L’année 2023 s’inscrit déjà dans les tristes records d’échouages de cétacés sur les plages françaises. Les engins de pêche sont majoritairement responsables de cette hécatombe, et le Gouvernement n’agit pas à la hauteur de l’enjeu. Pêcheurs et scientifiques jouent au chat et à la souris alors que les ONG tiennent le rapport de force. Enquête.
En mai 1982, Gregory Ziebacz est affecté à la brigade de Saint-Martin-de-Ré, en Charente-Maritime. Tout juste sorti de l’école de gendarmerie, il ne connaît ni le territoire ni les coutumes, et il est encore un peu perdu quand on l’appelle pour rejoindre Rivedoux, à l’entrée de l’île. « On me dit qu’il faut venir protéger une carcasse de dauphin sur la plage, le temps qu’un scientifique vienne l’analyser, se souvient-il. Je découvre alors stupéfait une dépouille toute jaune, pourrie, puante et informe. »
Un gendarme désarmé
Quelques mois plus tard, nouvel appel. Encore un cadavre en décomposition. Chaque fois, le brigadier accompagne sur place Raymond Duguy. Ce médecin passionné de sciences naturelles s’est spécialisé dans la mammalogie marine, suite à un échouage massif de globicéphales noirs sur l’île d’Yeu, en 1963. Il est le fondateur du Centre national d’étude des mammifères marins (CNMM) de La Rochelle. « Arrivé sur le terrain, il constatait le drame puis me demandait de participer avec une pince au prélèvement, de mettre l’échantillon dans une pochette et de remplir une fiche », se souvient Grégory Ziebacz. D’une dépouille à l’autre, l’opération devient une routine pour le gendarme qui, malgré l’aspect « crapoteux et puant », commence à considérer différemment sa mission.

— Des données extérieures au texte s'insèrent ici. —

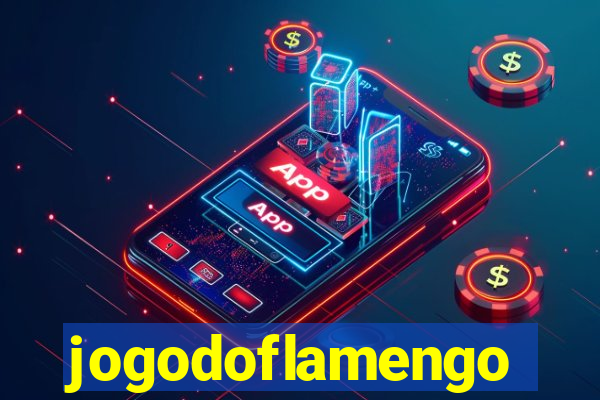jogodoflamengo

Aussi, par un matin d’hiver rigoureux de février 1991, la donne change. Gregory Ziebacz est en repos quand le Dr Duguy l’appelle : « Je suis très embêté, j’ai dix dauphins à examiner à l’île de Ré, autant à La Rochelle et en Vendée. » Illico, le gendarme nautique enfile sa veste de quart. « Sur la plage de Saint-Clément-des-Baleines, on trouve un dauphin commun presque intact, blessé sous la gorge. Les suivants sont tout beaux aussi. Leurs couleurs me fascinent, j’apprends à distinguer le mâle de la femelle. Je me pose des questions que je ne m’étais jamais posées auparavant. »
Saisissant l’anormalité de cet échouage sur toute la côte sud de l’île, Gregory Ziebacz interroge le Dr Duguy. « Ils se prennent dans les filets de pêche », lui répond-il avant d’ajouter : « Vous connaissez le protocole, je vous laisserai faire les échouages tout seul dorénavant. » Le gendarme réalise que ces demandes s’intègrent dans le cadre de ses missions, au registre des atteintes à l’environnement. Il rejoint le Réseau national Echouages (RNE), composé de volontaires formés par le Dr Duguy depuis dix ans. A cette époque, les médias expliquent encore que les dauphins meurent bêtement parce qu’ils ne savent plus nager les jours de gros temps…
“Leurs couleurs me fascinent, j’apprends à distinguer le mâle de la femelle. Je me pose des questions que je ne m’étais jamais posées.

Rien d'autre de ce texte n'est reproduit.